Twelve additional reactors, out of the 58 in France today, must be shut down by 2035, without, however, shutting down a complete plant as in Fessenheim.

"This plant is bedridden, this plant is dangerous, it's been a long time since it should have closed!", Storms the president of the Stop Fessenheim association, André Hatz.

However, no question of declaring victory on Saturday for the anti-Fessenheim, who will be content with a press conference before, perhaps, a "more festive" event at the shutdown of the second reactor.
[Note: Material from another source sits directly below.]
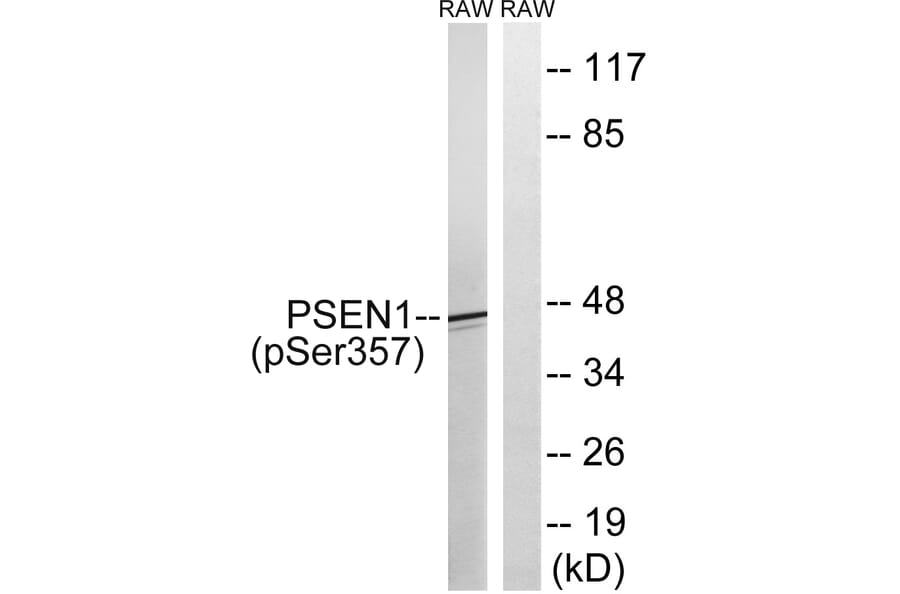 Western Blot - Anti-PSEN1 (phospho Ser357) Antibody (A8404) - Antibodies.com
"This is just a point of progress, there are still a lot of dangers linked to the closure: for at least three years, the nuclear fuel will remain stored in the decontamination pools, which are non-bunkered and whose roofs are a simple tin roof, "points out Hatz.

The disposal of spent fuel should indeed take place by the summer of 2023, then the actual dismantling will last until 2040 at the earliest.

"The operation of plants of the same generation and the same technology as that of Fessenheim has been extended by at least ten years", gets annoyed Raphaël Schellenberger, who chairs a parliamentary commission to monitor the closure of the plant.

"When we consider the fight against climate change as a priority challenge, it is inconceivable today to shut down two nuclear reactors in very good condition and to continue producing coal-based electricity on the French soil until 2024, even 2026 ", choked the deputy LR.